The conversation usually starts the same way. A physician decides it's time to sell, talks to a broker or a colleague, gets introduced to a potential buyer, and for the 1st time in years feels like there's actually a path forward. The early calls go well, the numbers look reasonable, and both sides are saying the right things. And then somewhere between the handshake and the signature, the whole thing falls apart.

Most solo ophthalmology practice sales that begin never actually close, and the reasons are almost never about price or willingness. Both sides wanted it to work but the mechanics killed it before either of them could save it. Understanding why deals collapse is just as important as understanding how they succeed, because almost every failure point is preventable if you see it coming before it arrives.

The Buyer's Financing Falls Through

The most common reason a practice sale dies is that the buyer can't actually fund the transaction. This sounds like it should be the 1st thing everyone verifies, but in practice the financing conversation is almost always the last one that gets serious because both sides are so focused on the clinical fit and the deal terms that nobody wants to slow things down by asking uncomfortable questions about money.

A physician buyer might have strong credentials, a clean record, and genuine enthusiasm for the practice, but when the bank runs the numbers on their personal liquidity, their existing debt load, and the practice's cash flow projections, the loan doesn't get approved.
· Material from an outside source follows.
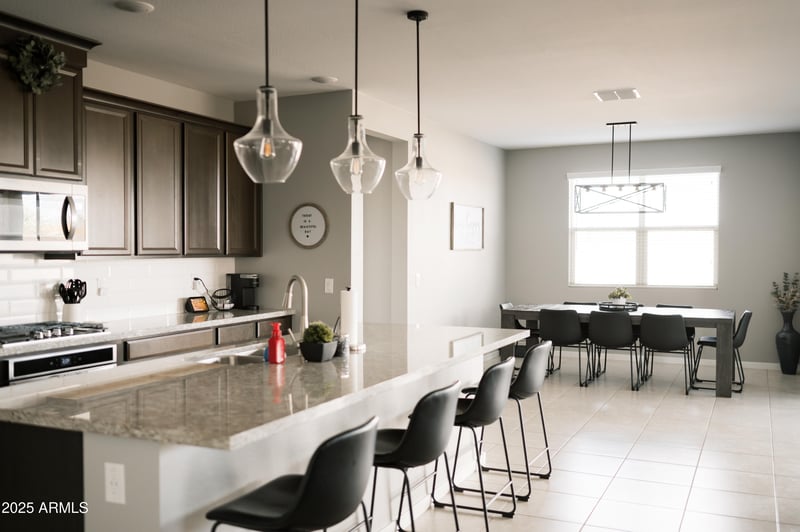 4040 Caitlin Dr, San Tan Valley, AZ 85140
Or it gets approved at terms that fundamentally change the economics. Or the credit committee adds conditions that push the closing back by months while the seller sits in limbo, watching the practice slowly lose value with every week that passes.

In any deal that involves 3rd-party financing, the timeline belongs to the lender. Underwriting stretches from weeks into months. Credit committees request additional documentation, revised projections, and structural changes to the loan that force both sides back to the negotiating table on terms everyone thought were already settled. Each round of revision adds time, and every week of delay increases the risk that someone decides the whole thing isn't worth the effort anymore. The deal doesn't explode in one dramatic moment, it just slowly runs out of oxygen until neither side has the energy to resuscitate it.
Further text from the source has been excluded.